Homemade Toilet Snakes

If you want to make your own toilet snake, you do have several options. Some plumbers recommend steering clear of anything that's not specifically made to unclog plumbing, but if you don't want to pony up for a pricey professional snake or auger, try making your own.

It's risky business to make your own snake, so proceed with caution.

Is Your Toilet Expendable?

The question isn't posed to make you laugh – it's a warning against too much innovation when you decide to tackle a project like making your own toilet snake. Professional plumbers have more tall (and sad) tales about failed homemade snake projects than they do about successful ones, so think through your options and try solutions that you may already have at hand. A plunger that's positioned expertly so it creates a tight seal between the rubber rim and the porcelain may make all the difference. It's worth several tries.

Homemade Liquid Snakes

Whether you have none in the house or you are dead set against using toxic chemicals, try whipping up some safe homemade liquid snake. Five tbsp. of any liquid dish soap left standing in the bowl before adding boiling water and followed by a plunger may be all you need to take care the clog. Baking soda chased by vinegar may also do the trick.

The Wire Hanger Snake

Many professionals and non-professionals alike balk at the mention of wire hangers. You can certainly bend a wire hanger into a long probe and feed it down your toilet drain. Some have even threaded the end of a hanger with a brush to create a one-of-a-kind homemade snake. This is another proceed-at-your-own risk solution since wire hangers shoved into drains have the potential to permanently scratch and mar porcelain.

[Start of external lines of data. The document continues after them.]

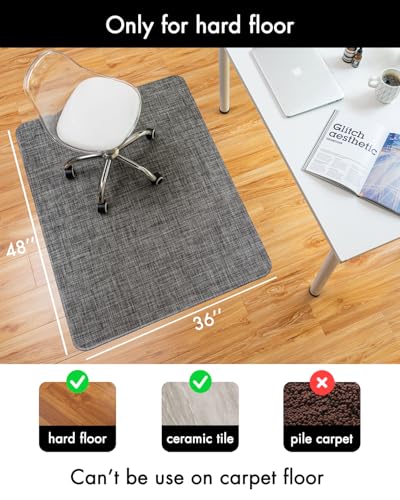 Image of BARoyal Office Chair Mat for Hardwood Floor Under Desk Computer Rolling Chair Mat for Wood /Tile Floor Non-Slip Heavy Duty Desk Rug PVC Plastic Hard Floor Protector 36 inch x 48 inch(Gravel)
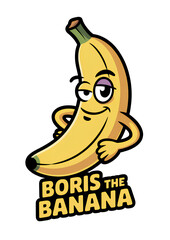 Cartoon banana sticker Boris the Banana with expressive face and playful pose, funny fruit mascot illustration isolated on transparent background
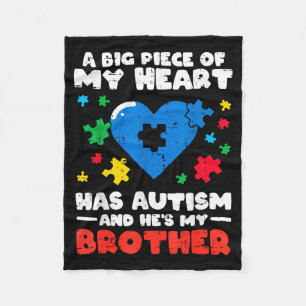 Big piece of heart has autism brother asd awarenes fleece blanket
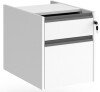 Dams Contract 2 Drawer Fixed Pedestal with Graphite Finger Pull Handles - White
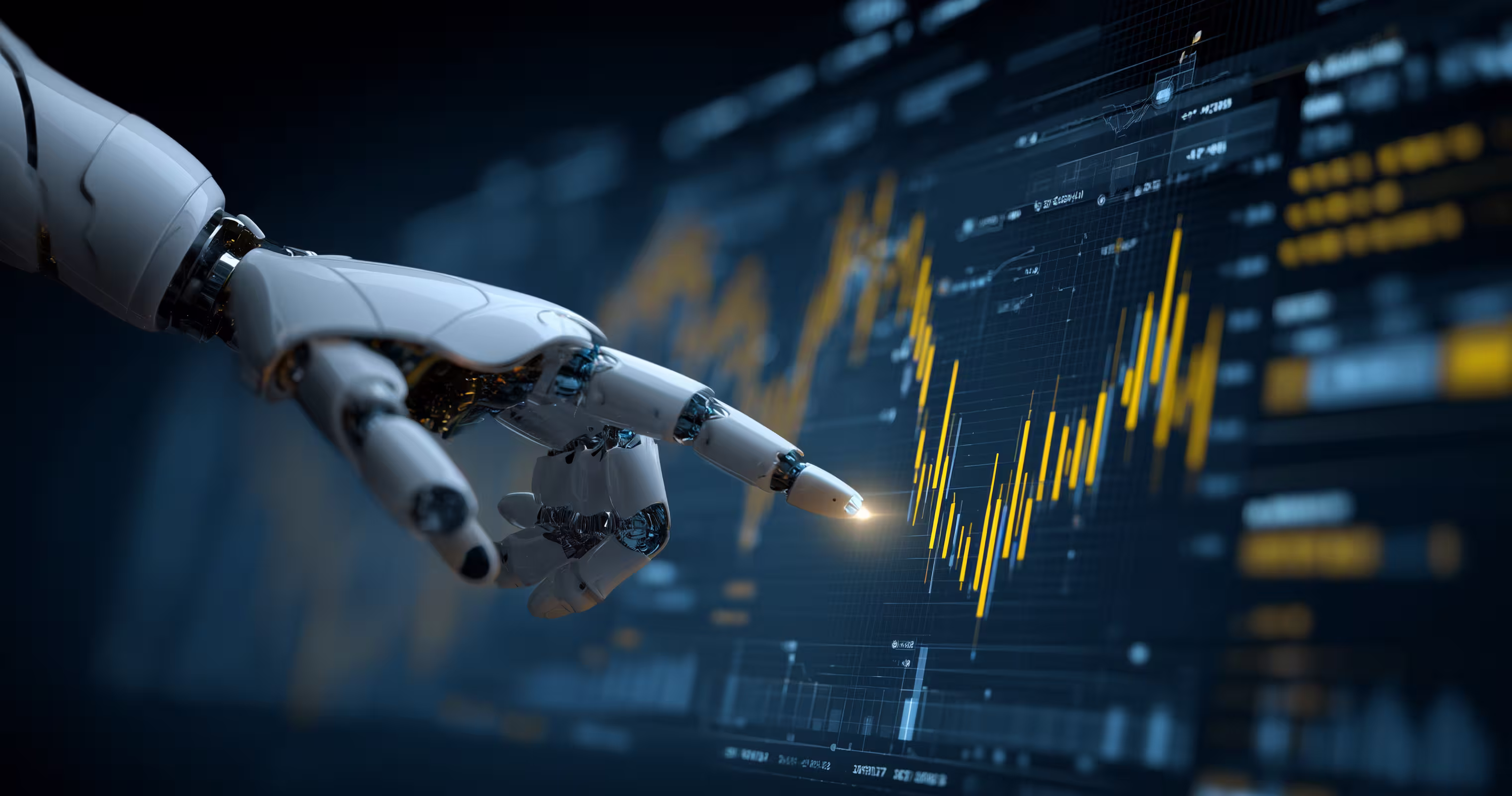 Trends in CEO coaching represented by AI hand disrupting or pointing to screen with stocks illustrating temperature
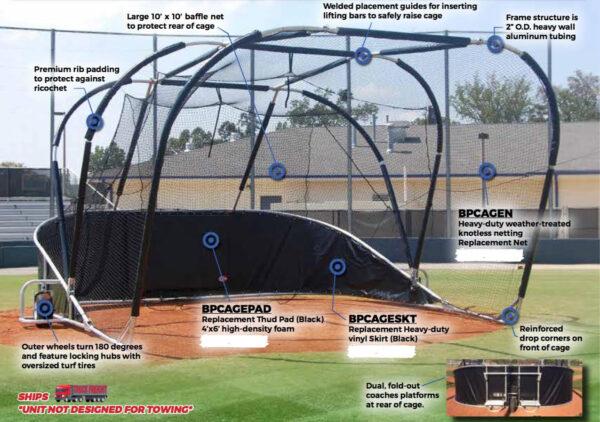 New Pro Turtle Portable Baseball Backstop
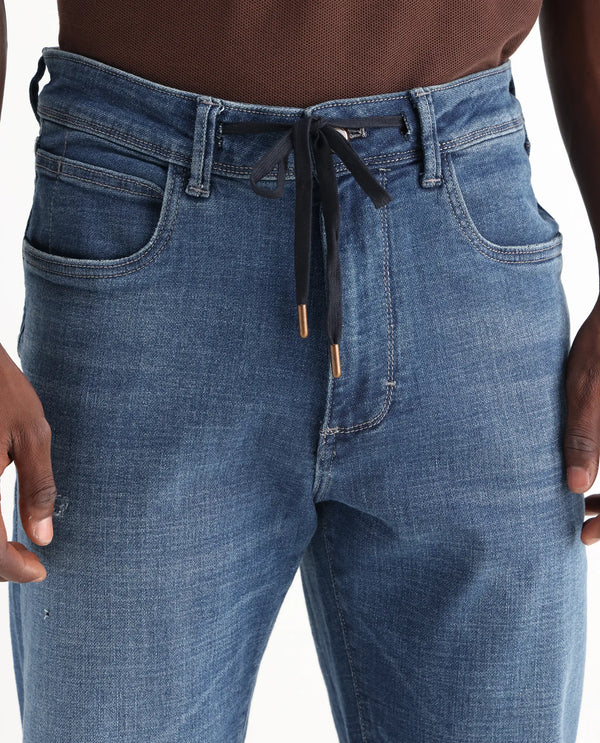 Rare Rabbit Mens Gala Blue Cotton Polyester Solid Regular Fit Jeans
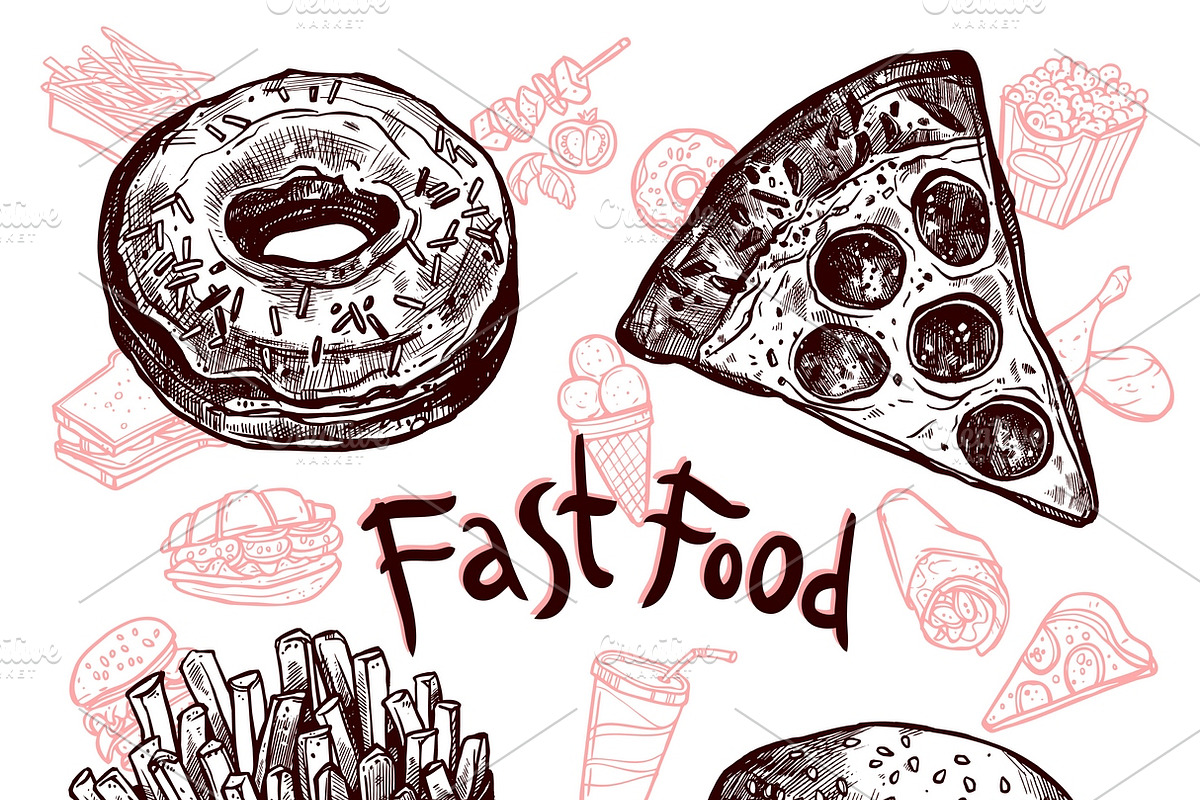 Fast food and drinks sketch set in Illustrations - product preview 8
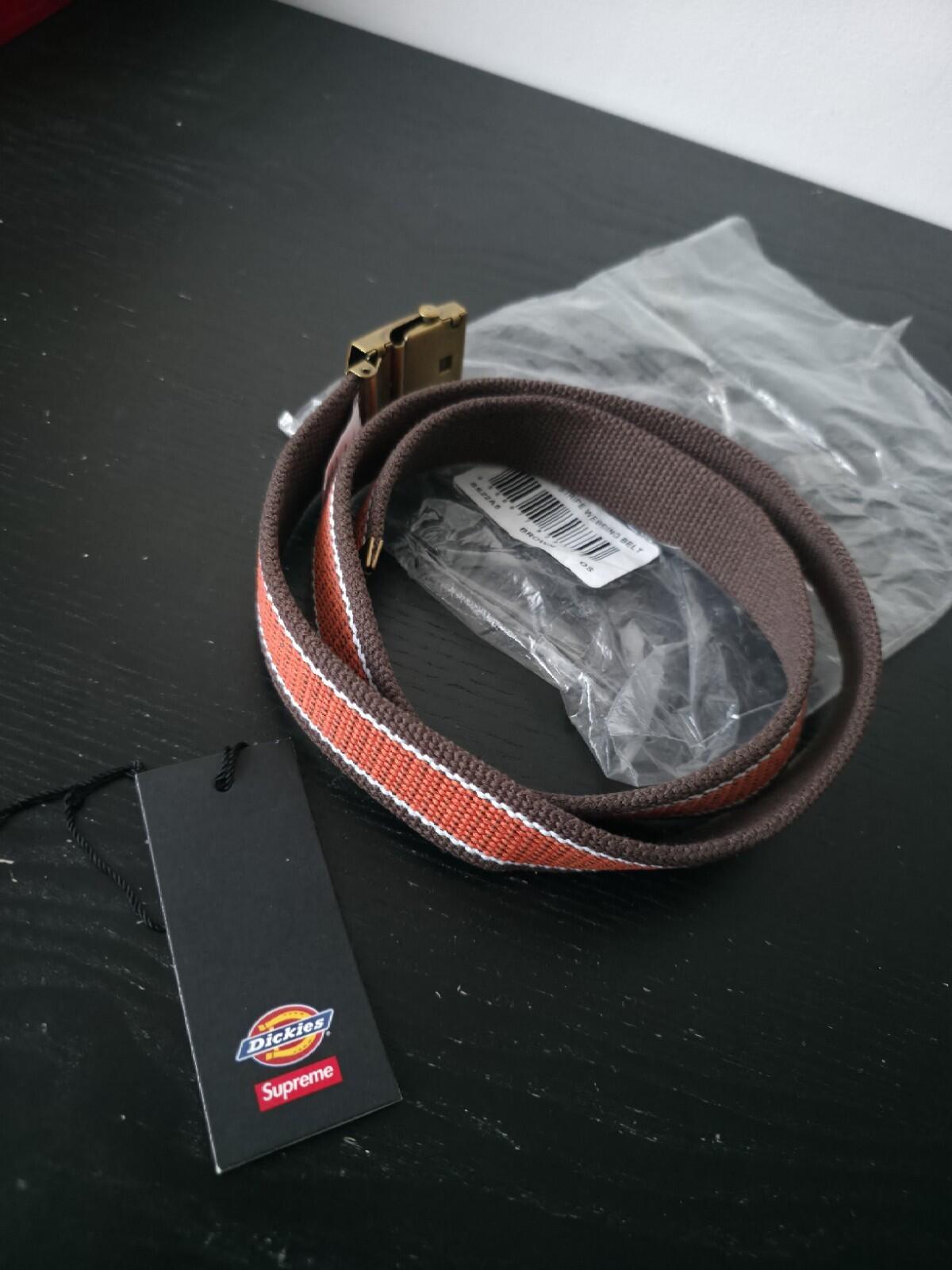 SS22 Supreme x Dickies Stripe Webbing Belt Brown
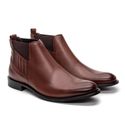 Bota Masculina Chelsea de Couro Conhaque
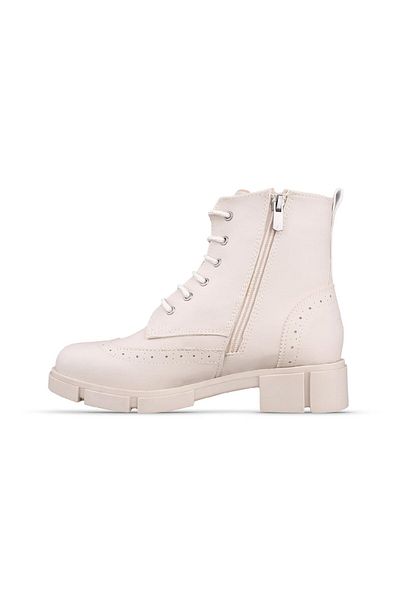 M.P. Women's Lace-Up Beige Casual Boots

Convert a Dryer Vent Brush Into a Toilet Snake

A 10-foot dryer vent brush has the potential to solve your clogging problems. Dryer vent cleaning tools push through contorted turns and bends. The brush at the end of your dryer vent won't harm the porcelain because the bristles, while not soft, are manufactured to inflict minimal damage on dryer venting lines that are much more fragile than a toilet drain. You will, of course, have to replace your dryer vent brush in the future, but if you're smart, sanitize the one you converted and keep it around just in case.